President Donald Trump is on his way to Vietnam today for the second summit between the United States and North Korean leader Kim Jong Un.

Trump goes into the meeting seemingly at odds with members of his own cabinet and intelligence community about the state of the North Korean nuclear program and the goals a summit can accomplish. Following the first meeting last June, Trump declared that North Korea was "no longer a nuclear threat" — a conclusion his Secretary of State flatly contradicted in an interview over the weekend.
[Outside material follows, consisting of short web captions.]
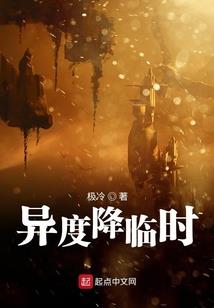 明日晚安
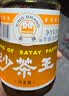 皇牌沙茶王300g 沙茶酱火锅蘸料底料沙茶面酱 汕头市非物质文化遗产 实拍图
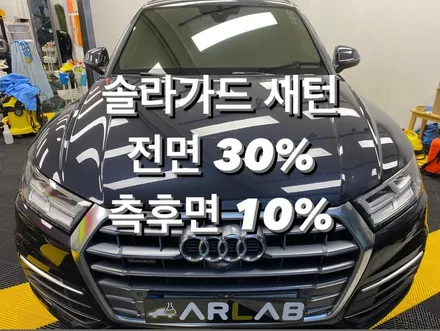 [온산썬팅] 타사 반사필름인데 더워서 새턴으로 교체 / 울산광역시 울주군
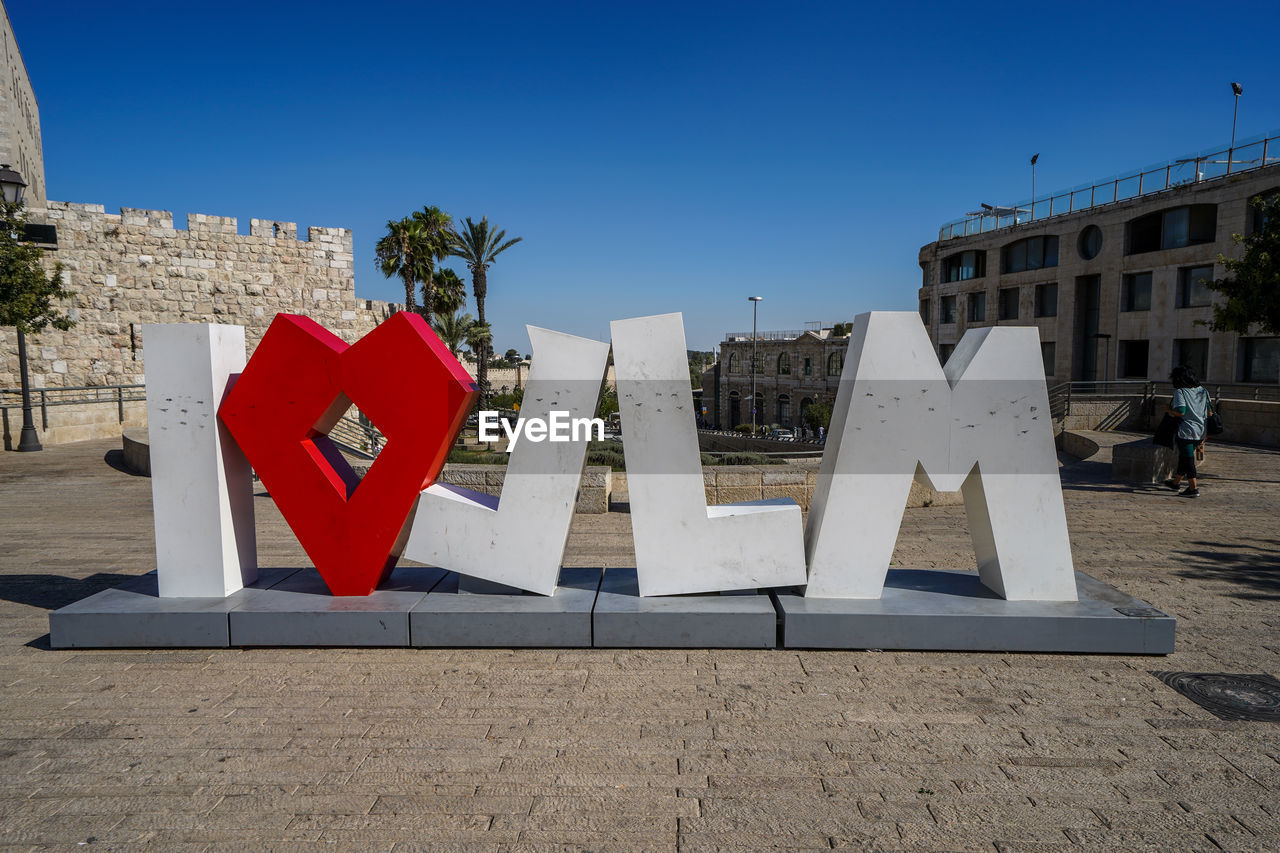 Famous i love jerusalem art sculpture near the protection wall in israel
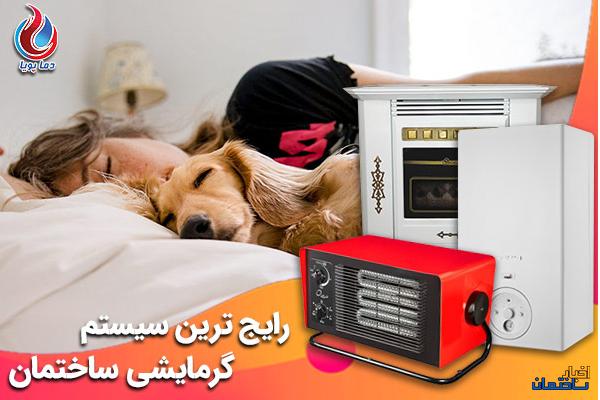 رایج ترین سیستم های گرمایشی ساختمان رایج ترین سیستم های گرمایشی ساختمان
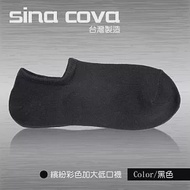 【sina cova】MIT棉質低口船襪6雙入(彩色24-26公分) 黑色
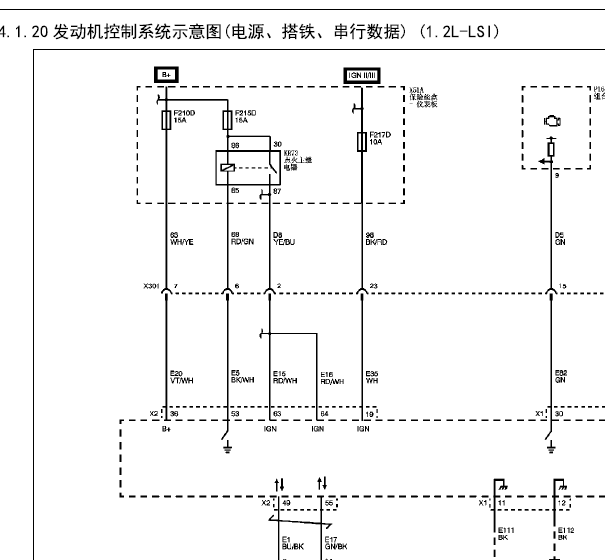 五菱荣光S发动机电路图
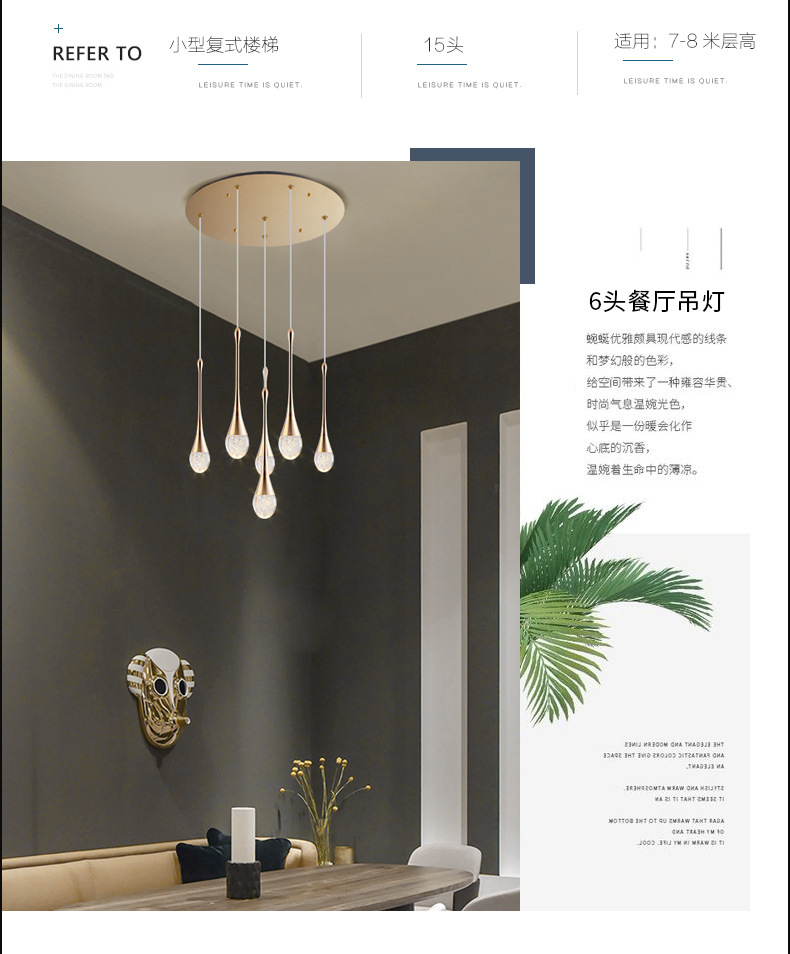详情页图09.jpg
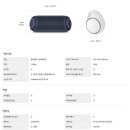 주식회사 엘제이월드 이미지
A January report from leaders of the intelligence community expressed skepticism that North Korea would ever agree to fully denuclearize.

Joining Boston Public Radio to share his take on what Americans can expect from the second meeting was Charles Sennott, a news analyst at WGBH and founder of The GroundTruth Project.

"The greatest expectation I think we have of this is we actually have an end of conflict agreement, we actually get some steps forward, and that will be good for everyone," Sennott said Monday.

However, both camps are going back into agreements having made little to no progress since their last talks — and may not even agree on the basic terms.

"The worry — the worry that's expressed within his own security team — is that North Korea is not living up even to the kind words that were professed around denuclearization, and there's a complete disconnect of what that means," Sennott said.

But while Sennott was skeptical that anything substantive would come on the denuclearization front, he believes symbolic progress is possible.

"I think the hope we can have is that there will be something symbolic, and that matters," Sennott said.